• _Work order_: Return the data below exactly as given, except for the images.
*** Opening of Data provided ***
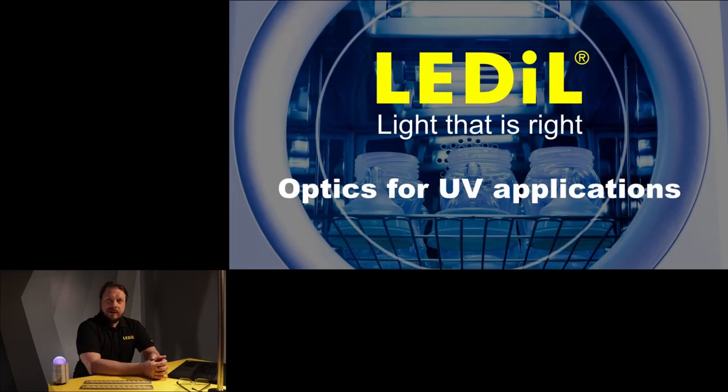Hello and welcome again to this series of Ledl product training videos. My name is Tero Makinen and today I'm going to take you to this fantastic topic of UV disinfection. We have just released a fantastic new optic for the UVC applications called Violet, and today we are going to look in a little bit more detail about how the Violet works and what are the benefits of it. But before we dive into Violet, let's first look at the UVC disinfection a little bit more in general.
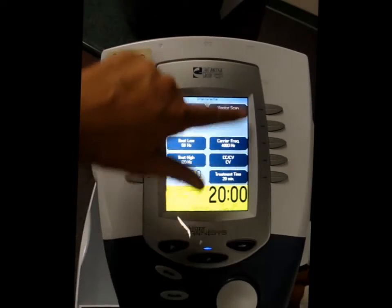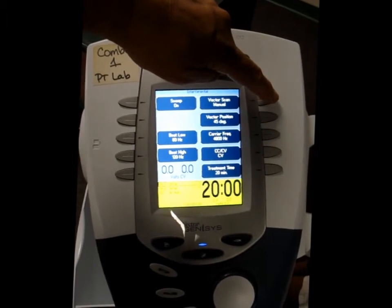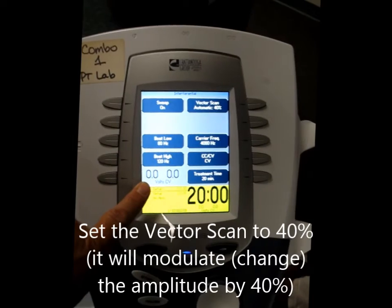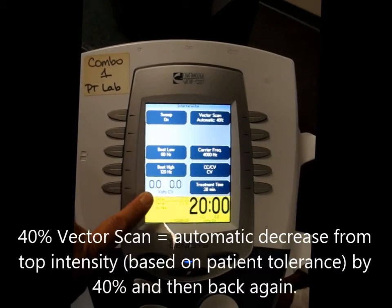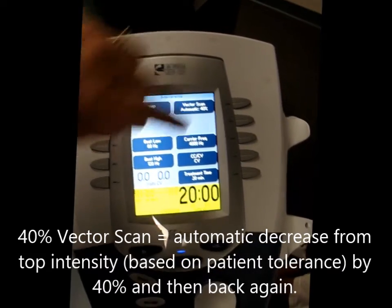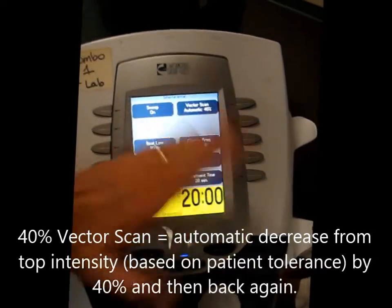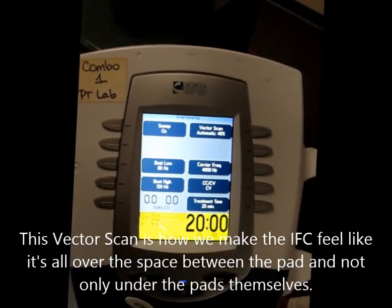I'm going to be doing the treatment here, and when I turn this on, I'm going to be using a vector scan of 40%, which means let's say she gets to a 10-volt CV of her intensity limit. When I hit the start button, it'll actually vector down 40%, so it'll go down from 10 to 6, back to 10 to 6, and it won't do it at the same time. That's how the patient feels like a sweeping motion when we do the interferential treatment.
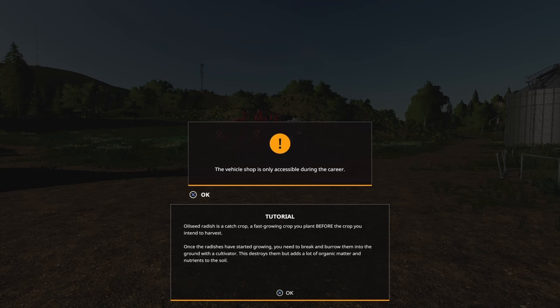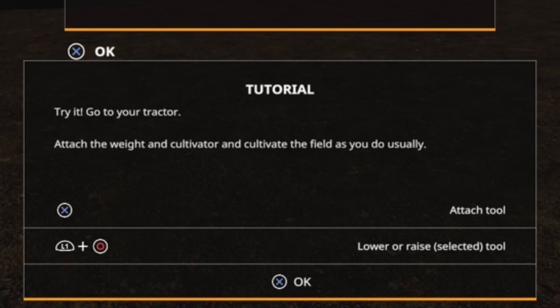Oh god, my controller just fell on the floor! Attach the weight and cultivate the field as you usually do.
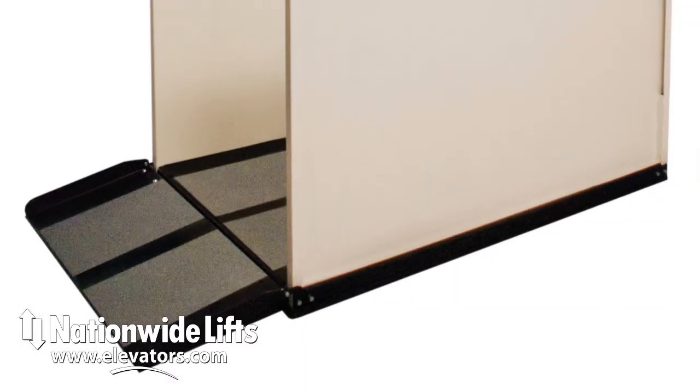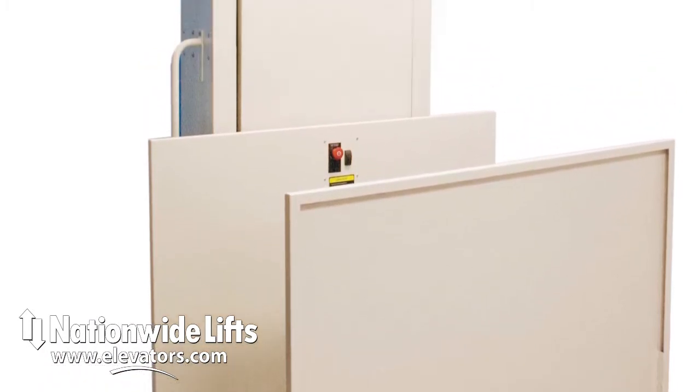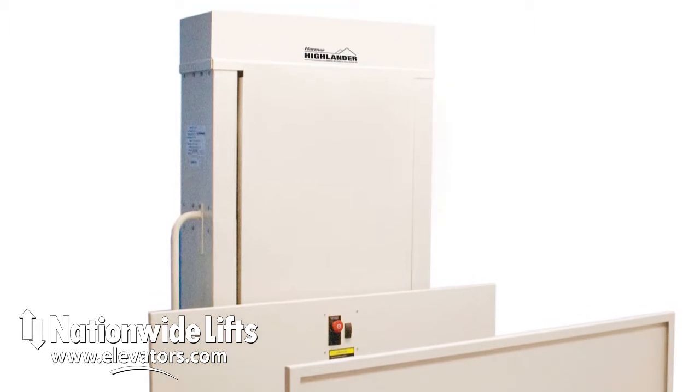The Apex Green by Nationwide Lifts is a wheelchair lift built for any environment. This can be installed in commercial or residential applications. Typically installed outdoors and in garages, it will handle extreme temperatures and harsh weather.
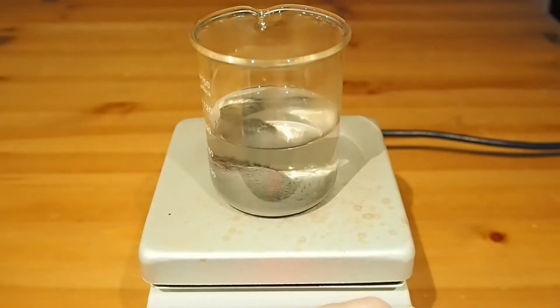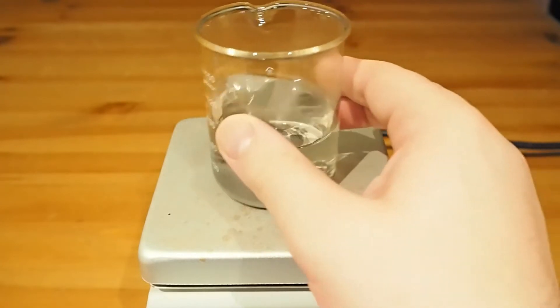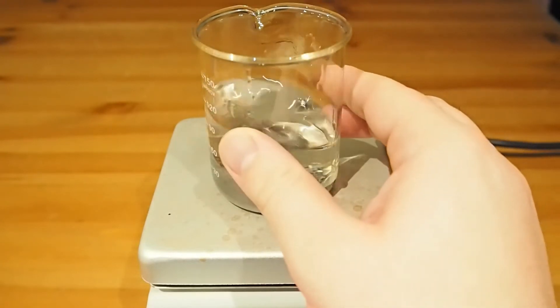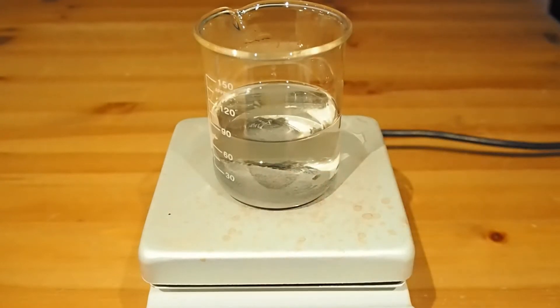In fact, if I put the stirrer on — oh, don't splash the water around all over the place. That's no good. I'll go chuck a stirrer bar in there.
*** Close of Data provided ***
• _Response for this exercise_:
Hello and welcome again to this series of Ledl product training videos. My name is Tero Makinen and today I'm going to take you to this fantastic topic of UV disinfection. We have just released a fantastic new optic for the UVC applications called Violet, and today we are going to look in a little bit more detail about how the Violet works and what are the benefits of it. But before we dive into Violet, let's first look at the UVC disinfection a little bit more in general.
I'm going to be doing the treatment here, and when I turn this on, I'm going to be using a vector scan of 40%, which means let's say she gets to a 10-volt CV of her intensity limit. When I hit the start button, it'll actually vector down 40%, so it'll go down from 10 to 6, back to 10 to 6, and it won't do it at the same time. That's how the patient feels like a sweeping motion when we do the interferential treatment.
Oh god, my controller just fell on the floor! Attach the weight and cultivate the field as you usually do.
The Apex Green by Nationwide Lifts is a wheelchair lift built for any environment. This can be installed in commercial or residential applications. Typically installed outdoors and in garages, it will handle extreme temperatures and harsh weather.
In fact, if I put the stirrer on — oh, don't splash the water around all over the place. That's no good. I'll go chuck a stirrer bar in there.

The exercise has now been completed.